Site Reliability Engineer (SRE)

Job Details

Industry Information Technology and Services Location: Remote
Function Engineering Employment Type: Full-time
Work Exp. Reqd: Mid-senior level Education Reqd: Master's Degree

Role Overview

We are seeking a Site Reliability Engineer (SRE) to join our advanced engineering division, where innovation, resilience, and precision drive everything we build. In this role, you will architect and optimise highly available, cloud-native systems that support complex AI, data, and cybersecurity workloads.

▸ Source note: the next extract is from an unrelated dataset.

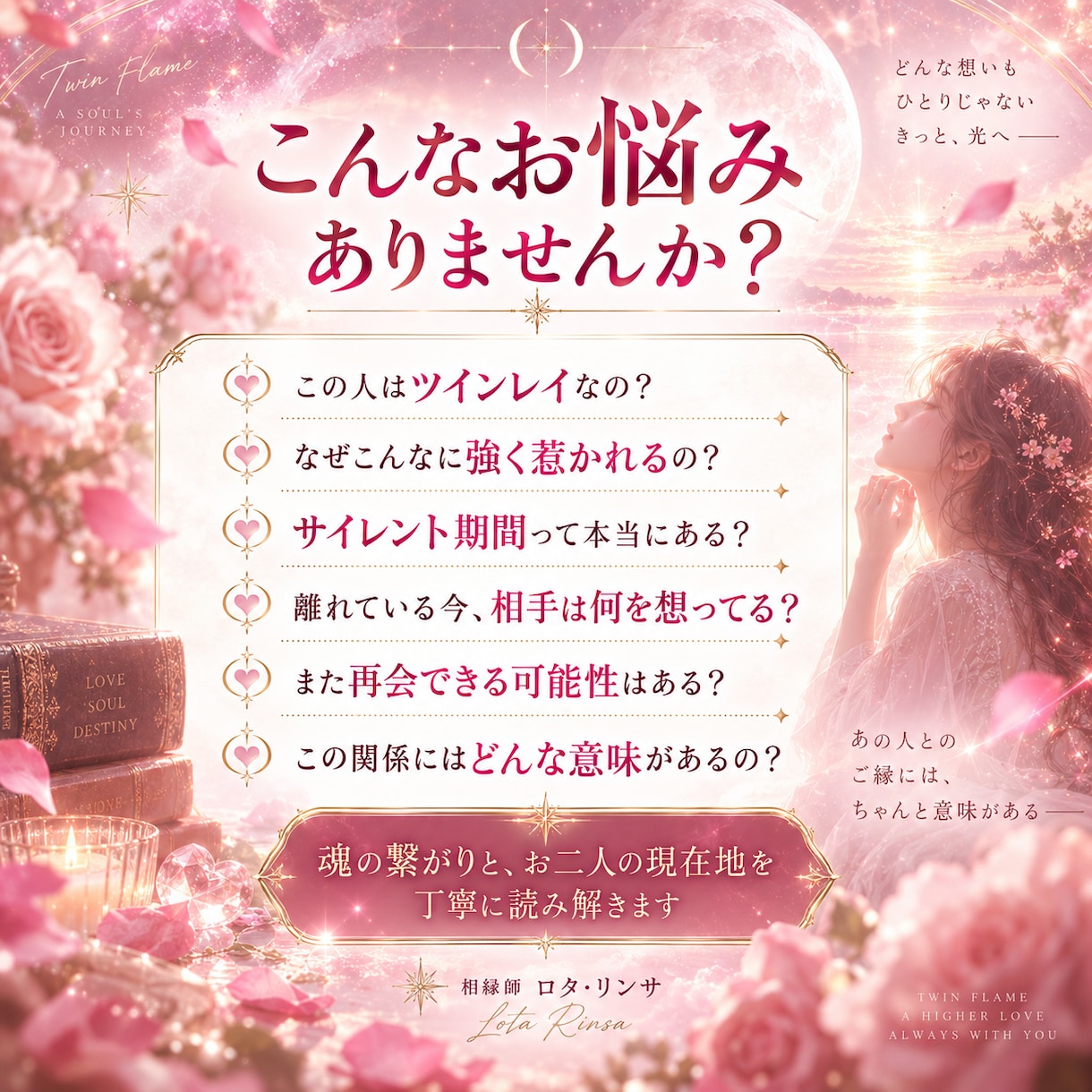 あの人は本当にツインレイ？魂の繋がりを霊視します サイレント期間・本音・魂の縁・統合への道筋まで読み解きます イメージ2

The ideal candidate is a systems thinker — combining the depth of backend engineering with the mindset of reliability and automation. You will work across multi-cloud environments, Kubernetes clusters, and observability pipelines to ensure zero-downtime operations and self-healing infrastructure for enterprise-scale applications.

Responsibilities

  • Design, implement, and manage resilient, scalable infrastructure across AWS, GCP, or Azure using Infrastructure-as-Code (IaC) tools such as Terraform or Pulumi.
  • Build and enhance monitoring, alerting, and observability frameworks using Prometheus, Grafana, ELK, or OpenTelemetry to achieve proactive fault detection.
  • Collaborate with development, AI/ML, and DevOps teams to automate reliability workflows, improve CI/CD pipelines, and eliminate repetitive operational tasks.
  • Define and maintain SLAs, SLOs, and SLIs for critical systems to ensure consistent performance and reliability.
  • Drive incident response and root cause analysis (RCA), using automation and predictive analytics to prevent recurrence.
  • Optimise resource utilisation and cost efficiency while maintaining system integrity and performance.
  • Contribute to long-term architectural decisions that advance our autonomous and intelligent infrastructure goals.

Requirements

  • Proven experience (4+ years) in SRE, DevOps, or Systems Engineering within complex, high-traffic environments.
  • Strong expertise in Kubernetes, Docker, CI/CD pipelines, and infrastructure automation tools (Terraform, Ansible, etc.).
  • Advanced knowledge of Linux systems, networking, and cloud platforms (AWS/GCP/Azure).
  • Hands-on experience with observability tools (Grafana, Prometheus, ELK, Datadog, etc.).
  • Proficiency in scripting or automation languages such as Go, Python, or Bash.
  • Understanding of distributed systems design, performance tuning, and incident management.
  • Strong analytical mindset with an emphasis on root cause prevention rather than reaction.
  • Excellent communication skills and the ability to collaborate effectively with cross-functional teams.



Benefits


  • Competitive salary with equity options.
  • Opportunity to work on cutting-edge, high-impact projects at the intersection of AI, security, and infrastructure.
  • Professional development allowance and access to enterprise-grade cloud resources.
  • Inclusive, innovation-driven engineering culture with a focus on long-term growth and autonomy.